Nitekim O Rahmet Peygamberi (s.a.v.) şöyle buyuruyor:
“Sağlığım sizin için hayırlıdır: Siz benimle konuşursunuz; ben de sizinle konuşurum! Vefâtım da sizin için hayırlıdır: Amelleriniz bana arz olunur, hayırlı amellerinizi gördüğümde, ondan dolayı Allâh’a hamd ederim; kötü amellerinizi gördüğümde ise sizin için Allah’tan mağfiret dilerim.” (Heysemî, IX, 24)
“Dikkat edin! Ben hayatımda sizin için bir emniyet vesîlesiyim. Vefât ettiğimde ise, kabrimde: «Yâ Rabbi! Ümmetim, ümmetim!..» diye ilk Sûr üfleninceye kadar nidâ edeceğim…” (Ali el-Müttakî, Kenzü’l-Ummâl, c. 14, s. 414)
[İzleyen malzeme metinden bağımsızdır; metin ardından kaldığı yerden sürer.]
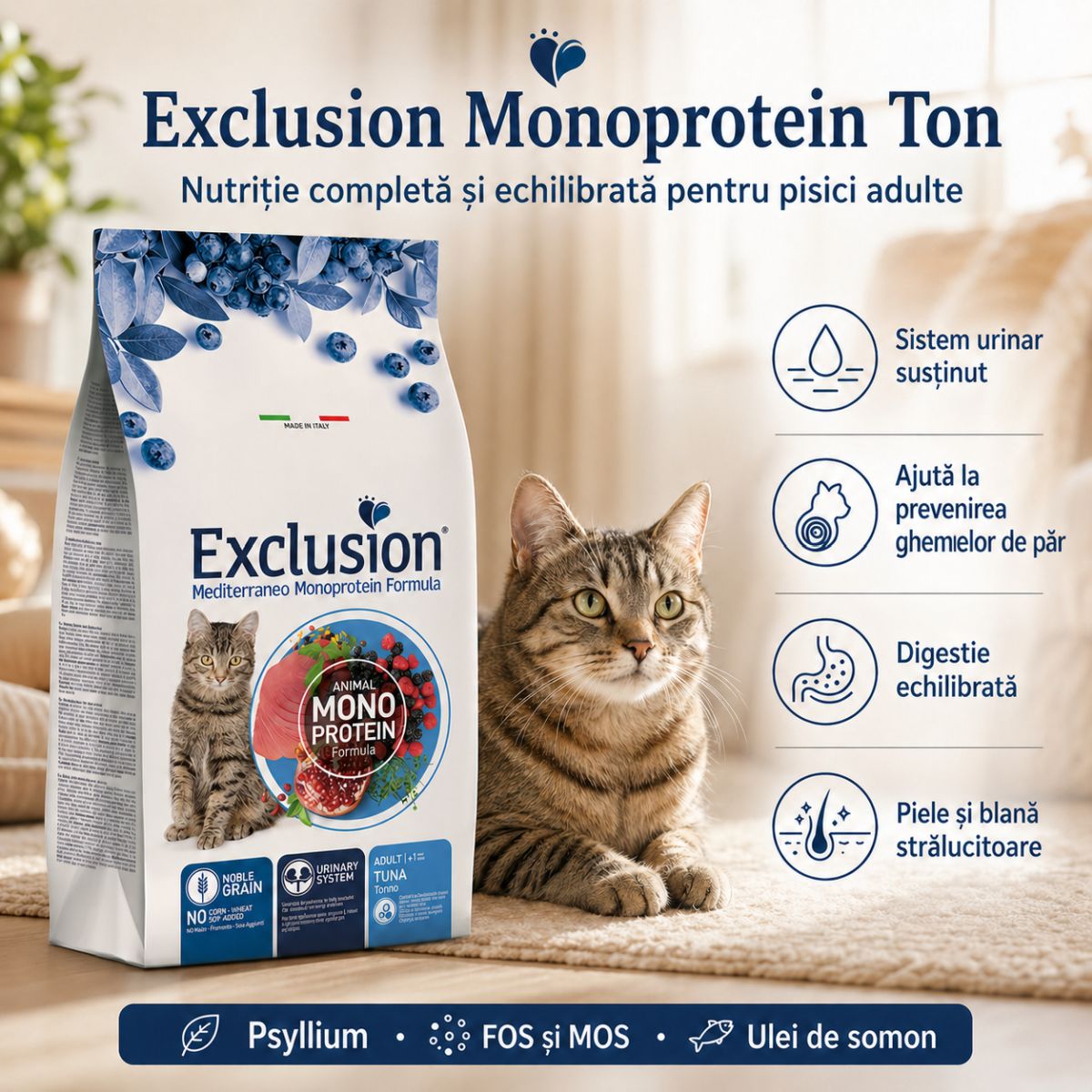 EXCLUSION Mediterraneo Monoprotein Formula, Ton, hrană uscată monoproteică pisici, 1.5kg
Yani ümmetini çok seven Efendimiz (s.a.v.), kabir âleminde bile kıyâmete kadar duâ ve niyazlarıyla ümmetine yardım hâlinde olduğunu bildiriyor. Demek ki Efendimiz (s.a.v.), bugün zâhiren ve bedenen olmasa bile, rûhâniyetiyle dâimâ aramızda bulunuyor. Rabbimiz, O’nun hürmetine ümmet-i Muhammed’e nice lûtuflarda bulunuyor.
Yakın zaman önce yaşanmış olan şu hâdise, Efendimiz (s.a.v.)’in “rahmet" vasfının her an cârî olduğuna ve O’na tevessül ile yapılan duânın Hak katındaki makbûliyetine dâir, ne kadar da ibretli bir misaldir:
1988 senesinde, Medîne-i Münevvere’deki Cuma Câmii’nin inşâsı sırasında yaşadığı ibretli bir hâtırayı, Mimar Mahmud Sâmi Kirazoğlu kardeşimiz şöyle naklediyor:
Malzeme deposu sorumlularımızdan Yemenli Ahmed Efendi’nin uzun bir müddettir Perşembe günleri işe gelmediğini tespit ederek, hafta başında kendisini çağırttım. Ona:
“–Burası Cuma Mescidi’nin inşaatıdır. Bizim gâyemiz, rızâ-yı ilâhîye uygun amellerle herkesin helâl kazanmasıdır. Bu hayırlı işi, samimiyet, ciddiyet ve bir ibadet heyecanıyla sürdürmek durumundayız.
Kıymetli Ahmed Efendi, seni üzgün görüyorum. Bir sıkıntın mı var? Senin her problemin için hizmete hazırım, derdin neyse anlat!” dedim.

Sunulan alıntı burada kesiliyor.